On Mon 28 Jul 2025 at 12:21, Heming Zhao <heming.zhao@xxxxxxxx>
wrote:
Commit a1fd37f97808 ("md: Don't wait for MD_RECOVERY_NEEDED for
HOT_REMOVE_DISK ioctl") introduced a regression in the
md_cluster
module. (Failed cases 02r1_Manage_re-add & 02r10_Manage_re-add)
Consider a 2-node cluster:
- node1 set faulty & remove command on a disk.
- node2 must correctly update the array metadata.

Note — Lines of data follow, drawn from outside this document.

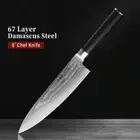 Chef Knife 67 Layers Damascus Steel VG10 Core G10 Handle Santoku Slicing Gyuto L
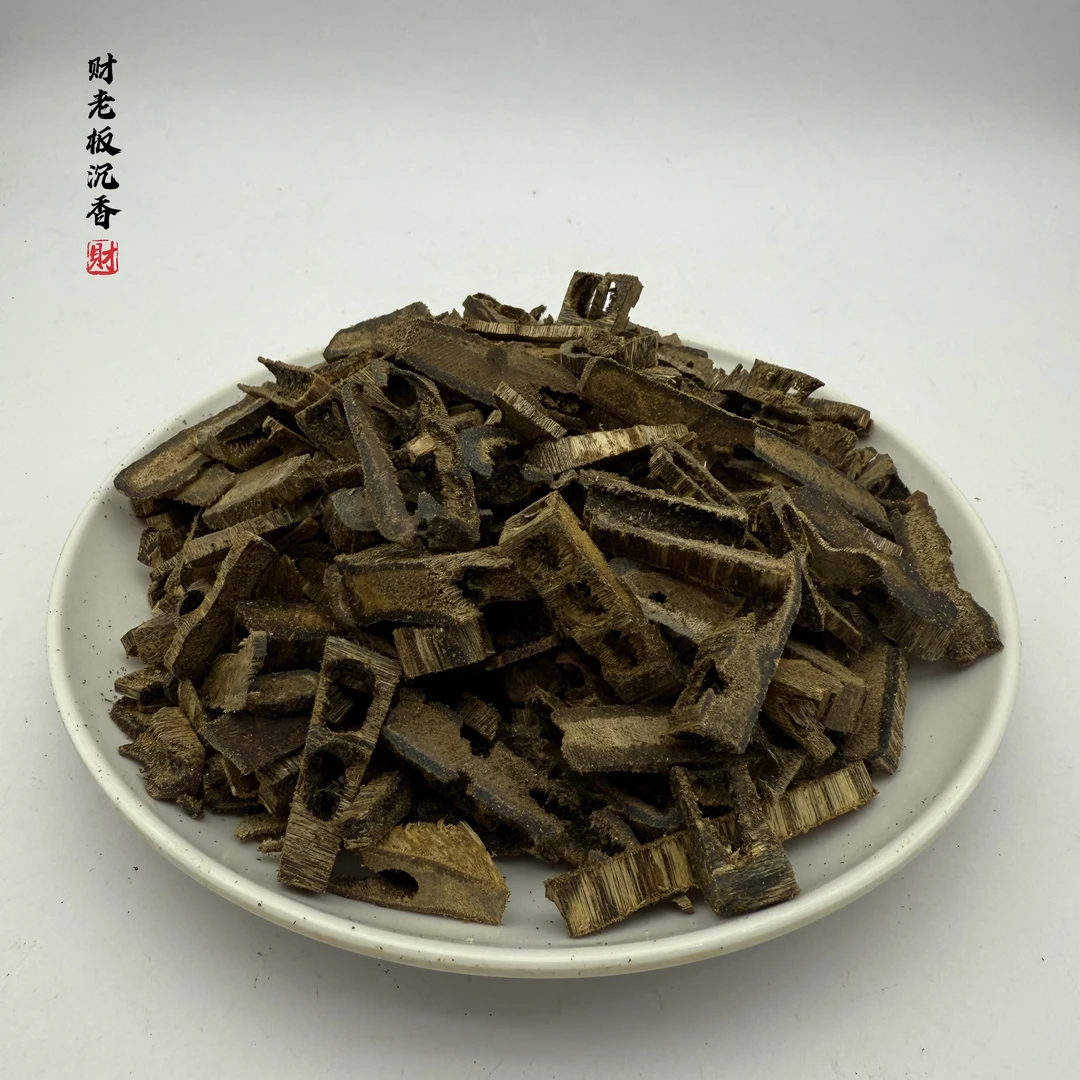沉香【财老板沉香】棋楠车珠原材料香薰100克+ 多样性发其一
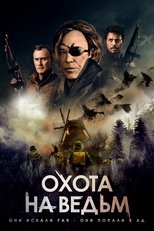 Охота на ведьм
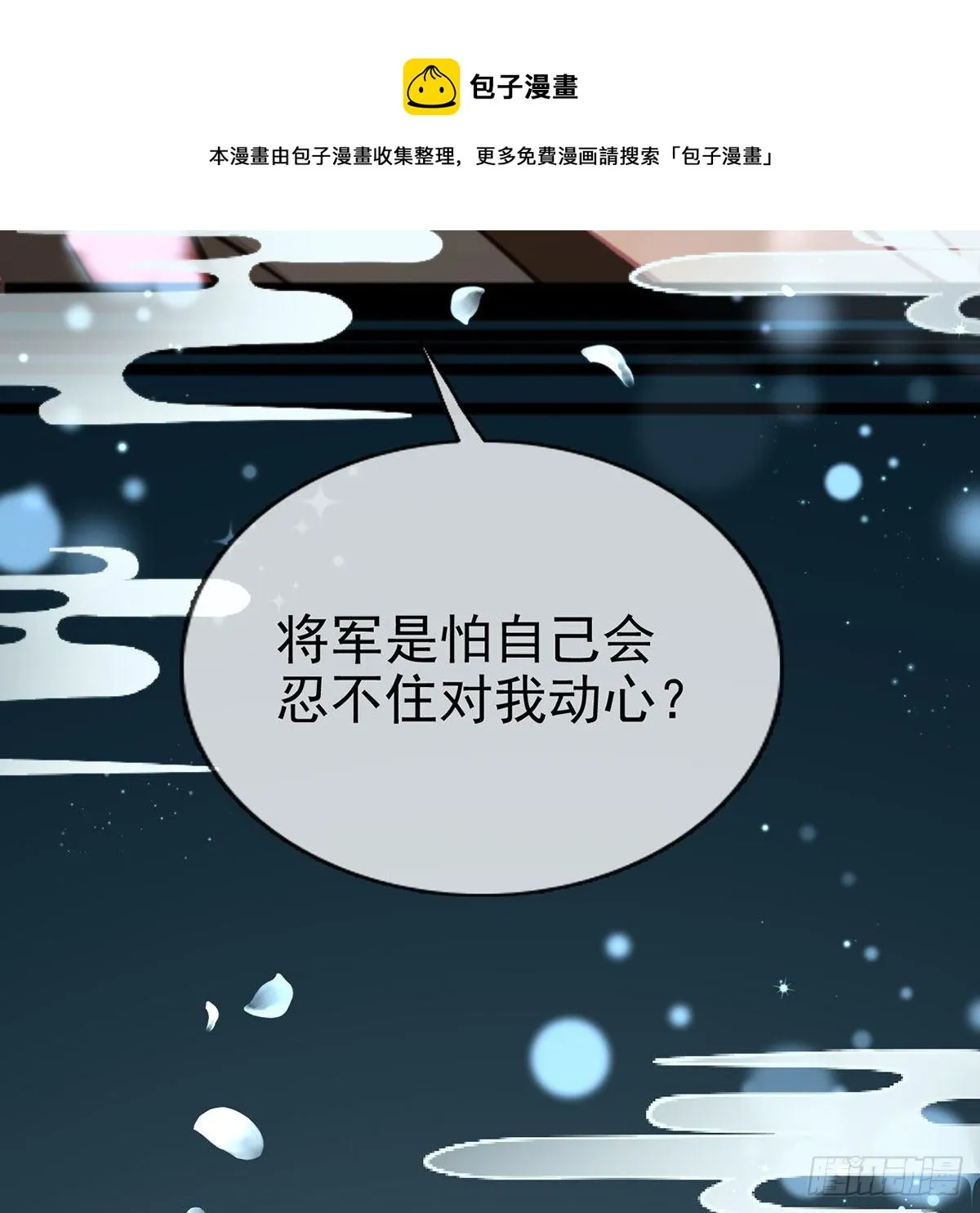 忍不住 第47页
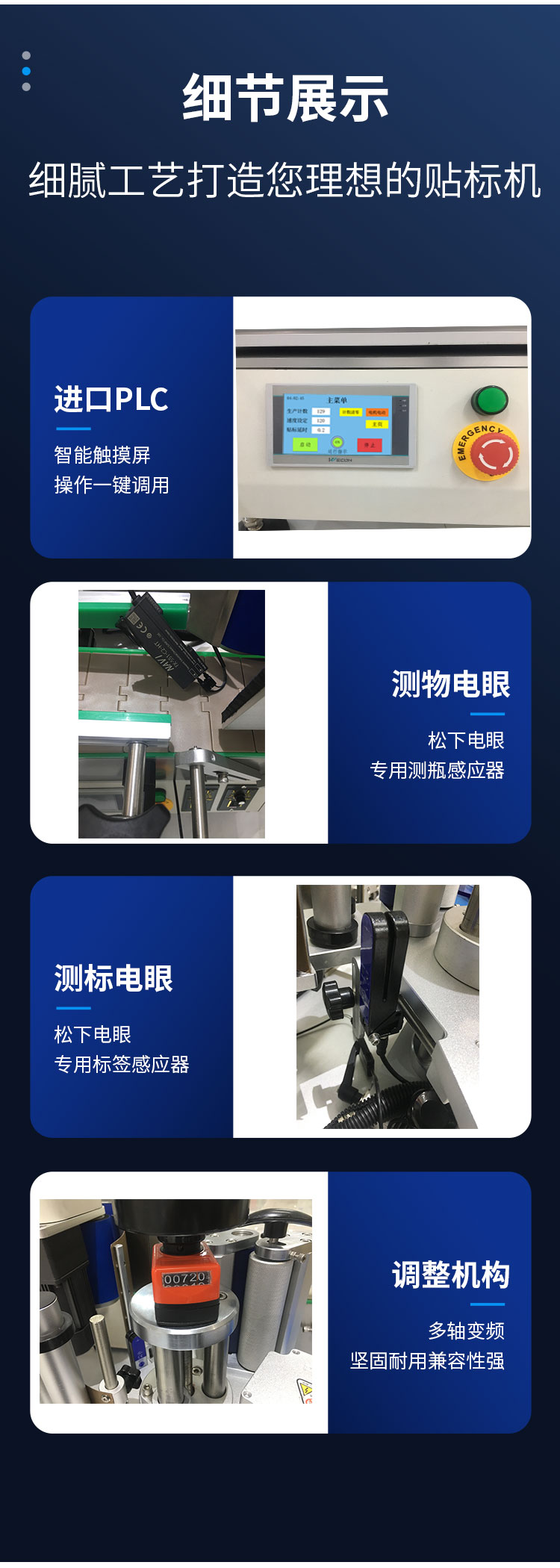 全自動臺式圓瓶搓滾貼標機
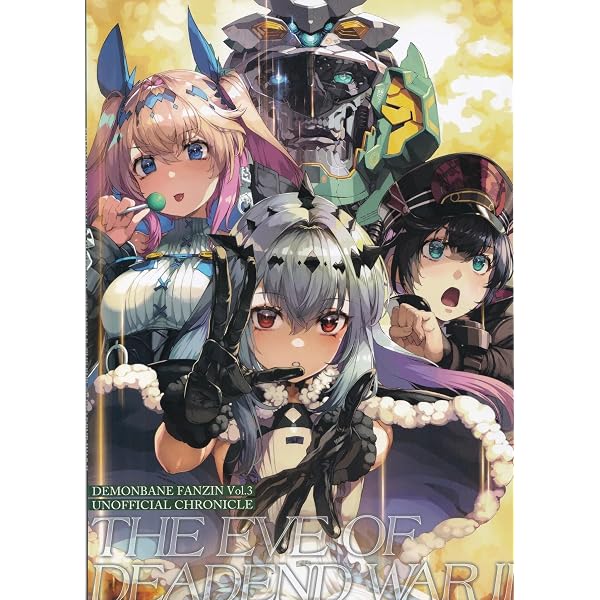 Amazon | 機神咆吼デモンベイン | PCゲーム | PCソフト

Before a1fd37f97808, on node1, the delay between
msg:METADATA_UPDATED
(triggered by faulty) and msg:REMOVE was sufficient for node2 to
reload the disk info (written by node1).
After a1fd37f97808, node1 no longer waits between faulty and
remove,
causing it to send msg:REMOVE while node2 is still reloading
disk info.
This often results in node2 failing to remove the faulty disk.
== how to trigger ==
set up a 2-node cluster (node1 & node2) with disks vdc & vdd.
on node1:
mdadm -CR /dev/md0 -l1 -b clustered -n2 /dev/vdc /dev/vdd
--assume-clean
ssh node2-ip mdadm -A /dev/md0 /dev/vdc /dev/vdd
mdadm --manage /dev/md0 --fail /dev/vdc --remove /dev/vdc
check array status on both nodes with "mdadm -D /dev/md0".
node1 output:
Number Major Minor RaidDevice State
- 0 0 0 removed
1 254 48 1 active sync /dev/vdd
node2 output:
Number Major Minor RaidDevice State
- 0 0 0 removed
1 254 48 1 active sync /dev/vdd
0 254 32 - faulty /dev/vdc
Fixes: a1fd37f97808 ("md: Don't wait for MD_RECOVERY_NEEDED for
HOT_REMOVE_DISK ioctl")
Signed-off-by: Heming Zhao <heming.zhao@xxxxxxxx>
---
drivers/md/md.c | 9 ++++++---
1 file changed, 6 insertions(+), 3 deletions(-)
diff --git a/drivers/md/md.c b/drivers/md/md.c
index 0f03b21e66e4..de9f9a345ed3 100644
--- a/drivers/md/md.c
+++ b/drivers/md/md.c
@@ -9758,8 +9758,8 @@ void md_check_recovery(struct mddev
*mddev)
* remove disk.
*/
rdev_for_each_safe(rdev, tmp, mddev) {
- if (test_and_clear_bit(ClusterRemove,
&rdev->flags) &&
- rdev->raid_disk < 0)
ClusterRemove and MD_RECOVERY_NEEDED are set in removed
rdev->flags on node 2 by process_remove_disk().
After commit a1fd37f97808, node 2 could receive REMOVE in short
time after receive of
METADATA_UPDATED, MD_RECOVERY_NEEDED will be cleared by
md_check_recovery() but in that time
rdev->raid_disk could be unchanged. Then MD_RECOVERY_NEEDED will
be cleared in the end of md_check_recovery()
no more chance to meet the condition.
Reviewed-by: Su Yue <glass.su@xxxxxxxx>
+ if (rdev->raid_disk < 0 &&
+ test_and_clear_bit(ClusterRemove,
&rdev->flags))
md_kick_rdev_from_array(rdev);
}
}
@@ -10065,8 +10065,11 @@ static void check_sb_changes(struct
mddev *mddev, struct md_rdev *rdev)
/* Check for change of roles in the active devices */
rdev_for_each_safe(rdev2, tmp, mddev) {
- if (test_bit(Faulty, &rdev2->flags))
+ if (test_bit(Faulty, &rdev2->flags)) {
+ if (test_bit(ClusterRemove, &rdev2->flags))
+ set_bit(MD_RECOVERY_NEEDED, &mddev->recovery);
continue;
+ }
/* Check if the roles changed */
role = le16_to_cpu(sb->dev_roles[rdev2->desc_nr]);